4) Numerical interpretation (why it can improve conditioning)
One motivation for hierarchical representations is numerical stability. When values become large,
direct approximation in the raw domain may amplify errors. By operating in a transformed domain
(e.g., \(\ln f\) or \(\ln\ln f\)), the function often becomes “closer to linear”, reducing sensitivity.
\[
D_1^1 f
=
\frac{d\ln f}{d\ln x}
=
\frac{x}{f}\frac{df}{dx}.
\]
(Eq. 5)
Engineering reading:
if \(f\) changes mainly by multiplication (growth ratios),
then a relative derivative is often more stable than a raw slope.
5) Minimal worked examples
Example A: Power law
Let \(f(x)=x^a\), \(x>0\). Then the relative derivative extracts the exponent:
\[
D_1^1(x^a)
=
\frac{d\ln(x^a)}{d\ln x}
=
a.
\]
(Eq. 6)
This is why \(D_1^1\) acts as an exponent extractor in scaling laws.
The operator maps exponential growth into a scale-linked quantity, emphasizing the role of the independent variable scale.
6) Limitations and scope
Hierarchical calculus does not claim to replace classical or fractional calculus. Instead, it is a classification framework
that helps choose the most natural derivative form for the phenomenon.
Key limitations:
Domain constraints must be respected for higher ranks (\(\ln^{(n)}\)).
Not all phenomena benefit from rank changes; some are inherently linear/local.
Higher ranks should be justified by evidence of scale-driven dynamics, not applied by default.
7) Questions & Answers
Q1. Is Hierarchical Calculus a replacement for classical calculus?
No. Classical calculus is recovered as a special case at rank \(r=0\). Hierarchical calculus extends the language
by adding higher ranks that encode relative or logarithmic structural change within a unified system.
Q2. What is the intuitive difference between \(D_0^{1}\) and \(D_1^{1}\)?
\(D_0^1\) measures additive change (slope). \(D_1^1\) measures relative change:
it answers “how fast does \(f\) change compared to its magnitude as \(x\) changes compared to its magnitude?”
(see Eq. 5).
Q3. Are hierarchical derivatives truly new derivatives?
Many can be mapped to classical derivatives via change of variables (e.g., \(u=\ln x\), \(v=\ln\ln x\)).
The novelty lies in systematically organizing these transformations as a hierarchy (rank + degree),
avoiding ad-hoc derivative definitions across different contexts.
Q4. What is the rigorous definition of higher ranks?
The rank-\(n\), degree-1 derivative is defined by Eq. 3:
\[
D_n^{1} f(x)=\frac{d\,\ln^{(n)}(f(x))}{d\,\ln^{(n)}(x)}.
\]
Q5. Why can higher ranks improve numerical approximation?
Because approximation is performed in a transformed space where the function may be more linear (e.g., \(\ln f\)),
reducing sensitivity to large magnitude ranges. This can improve conditioning and reduce error amplification.

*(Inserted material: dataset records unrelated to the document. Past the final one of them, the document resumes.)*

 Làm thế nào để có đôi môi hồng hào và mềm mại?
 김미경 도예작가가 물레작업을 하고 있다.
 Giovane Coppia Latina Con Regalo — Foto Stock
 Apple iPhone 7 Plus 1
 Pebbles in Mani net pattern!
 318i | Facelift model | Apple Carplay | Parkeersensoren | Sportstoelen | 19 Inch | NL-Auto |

Q6. Are there real physical examples?
Yes. Many laws are naturally expressed in logarithms or ratios. For example, the adiabatic law \(PV^\gamma=\text{const}\)
yields:
\[
\frac{d\ln P}{d\ln V}=-\gamma
\quad\Longleftrightarrow\quad
D_1^{1}P(V)=-\gamma,
\]
showing that the relative derivative directly returns the physical exponent.
Q7. What are the domain constraints for higher ranks?

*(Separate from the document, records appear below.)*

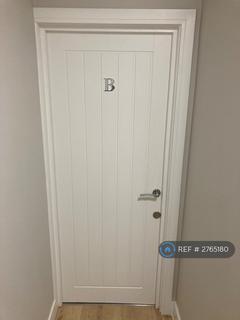 1 bedroom in a house share to rent, Langley Lane, Crawley, RH11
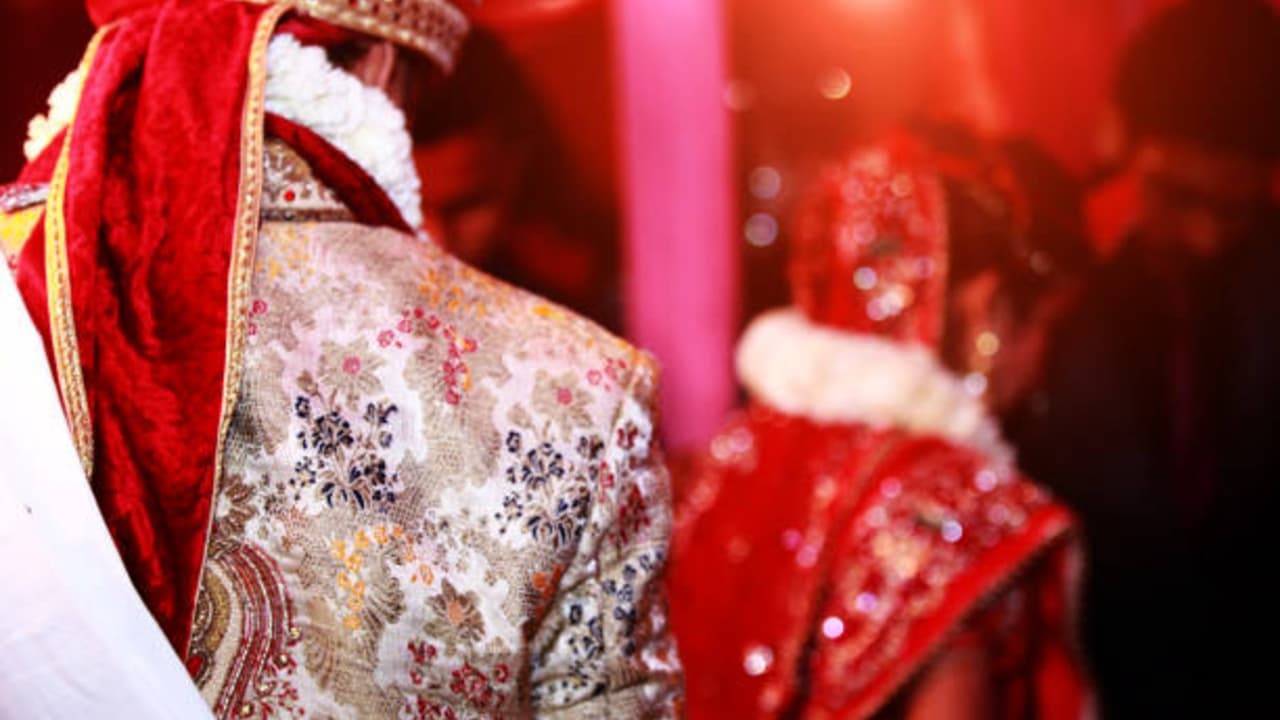 bride left the groom and ran away with her lover bride left the groom and ran away with her lover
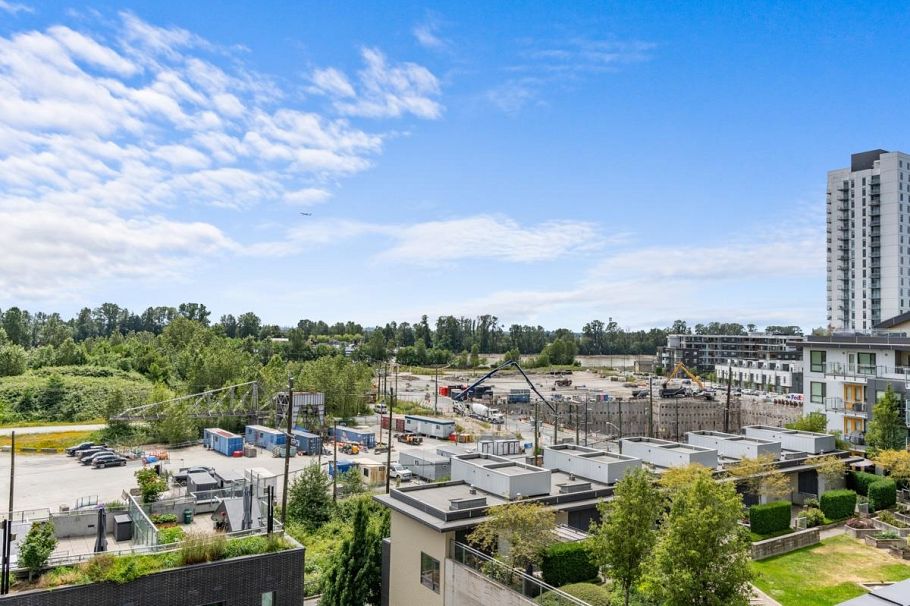 701 3538 Sawmill Crescent Vancouver, BC - 1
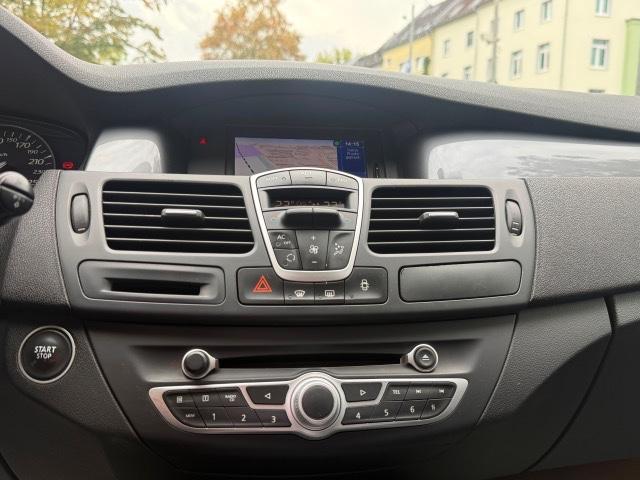 Renault Laguna 2010 — photo 11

Typically \(D_1\) requires \(x>0\) and \(f>0\), while \(D_2\) often requires \(x>1\) and \(f>1\)
so that \(\ln(\ln x)\) and \(\ln(\ln f)\) exist in the real domain (see Eq. 4).
Notation reminder:
If you encounter older drafts using \(D_r\) without a degree, interpret them here as \(D_r^1\).
8) References (IEEE style)
The following references provide context on classical calculus, logarithmic derivatives, fractional calculus,
and time-scale calculus. They are listed in IEEE format for compatibility with technical writing.
A. Gossa, “Hierarchical Calculus (Concept DOI),” Zenodo, 2025. doi: 10.5281/zenodo.17917302.
T. M. Apostol, Calculus, Vol. 1. Wiley, 2nd ed., 1967.
I. Podlubny, Fractional Differential Equations. Academic Press, 1999.
M. Bohner and A. Peterson, Dynamic Equations on Time Scales. Birkhäuser, 2001.
A. A. Kilbas, H. M. Srivastava, and J. J. Trujillo, Theory and Applications of Fractional Differential Equations. Elsevier, 2006.